Dino Buzzati é um escritor muito pouco conhecido do grande público leitor brasileiro. Mas aqueles que o conhecem sabem que sua escrita é simplesmente formidável, suas histórias sempre se direcionaram à solidão, morte, fantasia, espera, desalento e introspecção. Dino Buzzati tem 40 livros escritos. E é considerado um dos gigantes da literatura mundial, cultuado no mundo inteiro. Mas, infelizmente, por razões que desconheço, suas obras parecem esgotadas. Li dois livros formidáveis desse autor: “Deserto dos Tártaros”, uma obra inesquecível, cuja resenha existe aqui no blog, e este que vos apresento: “Um Amor”, simplesmente deslumbrante.

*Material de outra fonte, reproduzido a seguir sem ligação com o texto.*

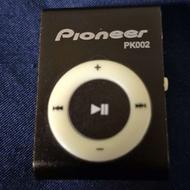 Pioneer Player Music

Nascido em 1906, em San Pellegrino, Itália, Dino Buzzati foi jornalista, cronista, escritor, crítico de arte e músico. Um homem contemplado com diversos talentos e que nunca desperdiçou nenhum deles. Portanto, com a devida apresentação, vamos ao livro?

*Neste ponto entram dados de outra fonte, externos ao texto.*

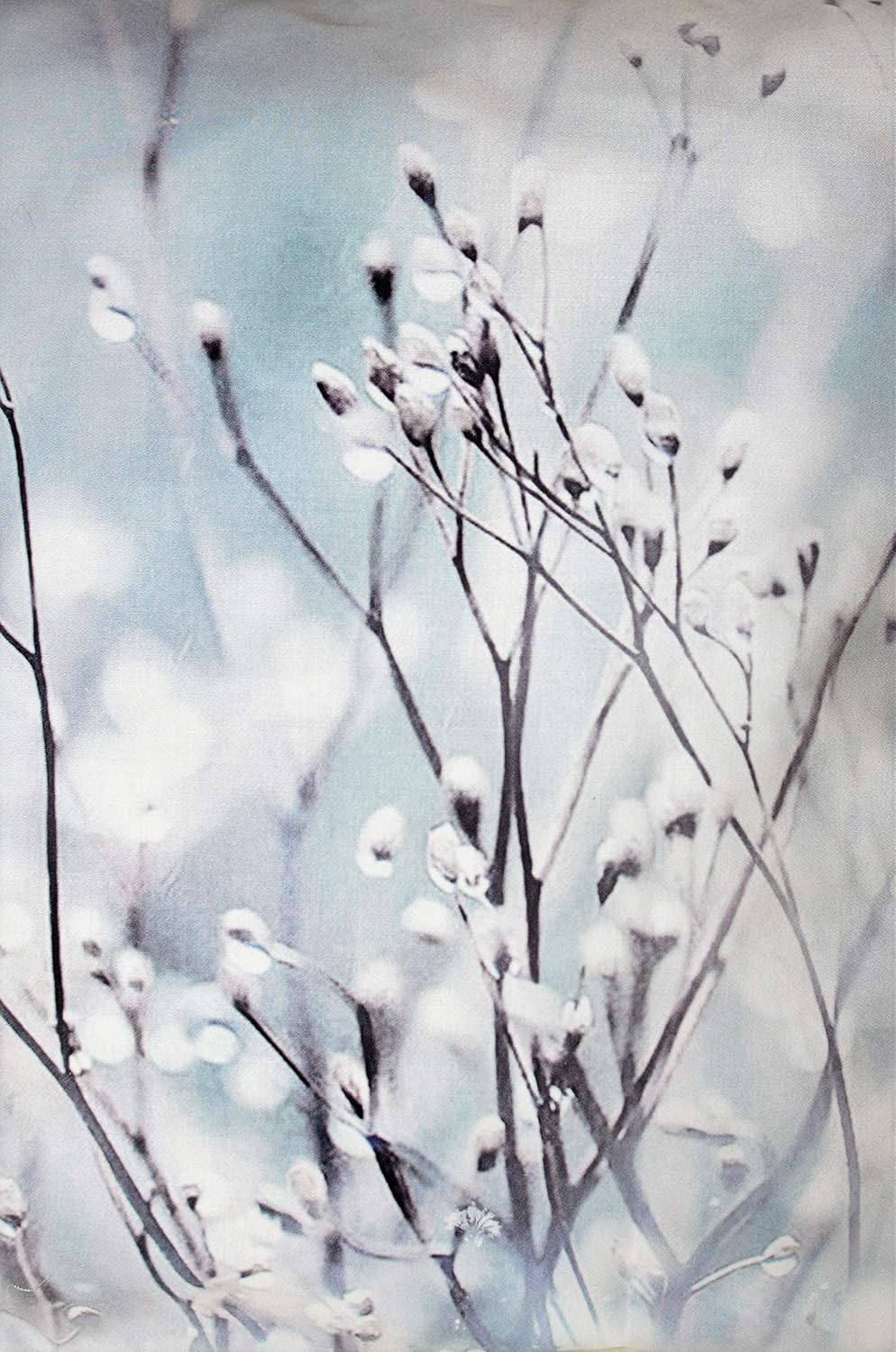 Tischdecke ICEFIELD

Antonio Dorigo é um tipo de homem que não gosta de se envolver emocionalmente com nenhuma mulher, é o inepto típico do século XX. Buzzati pinta um quadro cinzento, enevoado e triste da cidade de Milão; caminhões rugindo, chaminés de refinarias expulsando a fumaça fétida, o cheiro de esgotos e de canos de descarga dos automóveis compondo esse cenário. Nosso herói frequenta as salas de estar de bordéis.

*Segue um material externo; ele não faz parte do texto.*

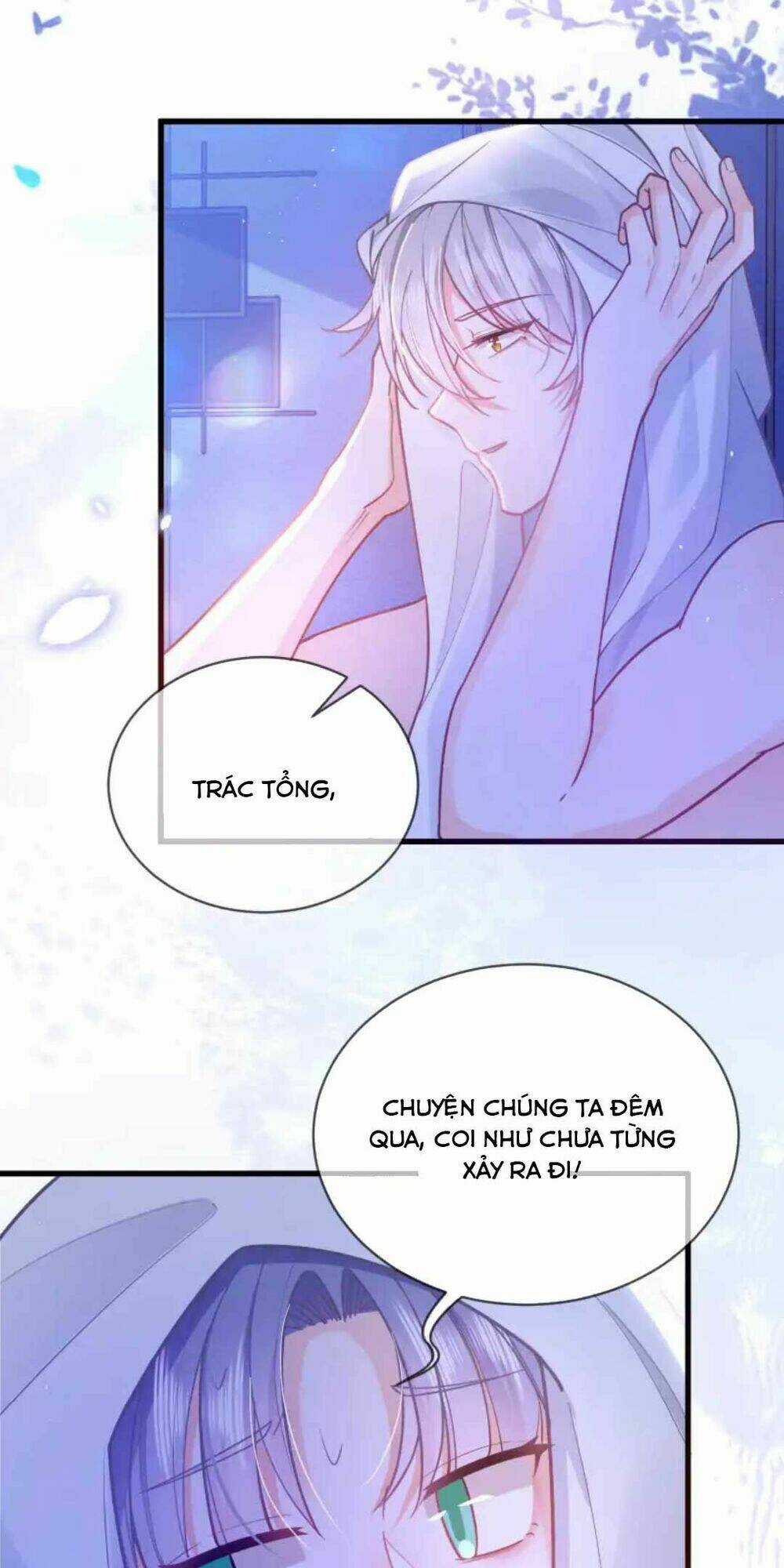 Sủng Em Đến Tận Trời - Chapter 2 - Trang 9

Nosso protagonista é um arquiteto estimado, bastante reservado, e certamente respeitável, uma palavra essencial quando se trata de marketing pessoal. Pertencente a uma classe média alta. Inteligente, rico e muito requisitado, decorrência de seu grande talento profissional.

“Um amor” que Buzzati vai nos mostrar passa longe daqueles temas convencionais, como dois amantes frustrados por circunstâncias trágicas, ou o amor platônico de um homem contido e tímido. É um amor desesperado dissolvido na metrópole degradada no espírito. Mas nem por isso menos intenso, ao contrário, um envolvimento em que o protagonista, Antonio Dorigo, desenvolve duas sensações, ou seja, a obsessão e a possessividade. No entanto, seu perfil, a princípio, passa longe de qualquer sentimento. Não quer envolvimentos, assimilou sua incapacidade de interagir, de compartilhar seu mundo e de trocar qualquer tipo de afeto.

Antonio Dorigo representa um tipo de homem solitário contemporâneo que não sabe dar e nem receber afeto. Por isso, sua preferência por prostitutas representa o básico de tudo aquilo que ele pode dar. No bordel que frequenta, conhece uma menina, chamada Laide. Uma dançarina do terceiro time do Scala. Uma menina, sem nenhuma vergonha, coquete, provocadora, que pontua as fragilidades do protagonista.

 

“Ele já ouvira dizer que alguns homens, em geral de uma certa idade, acabavam tornando-se escravos de uma mulher porque só ela sabia dar-lhes prazer, as outras não. Uma espécie de feitiço sexual.” (pg91)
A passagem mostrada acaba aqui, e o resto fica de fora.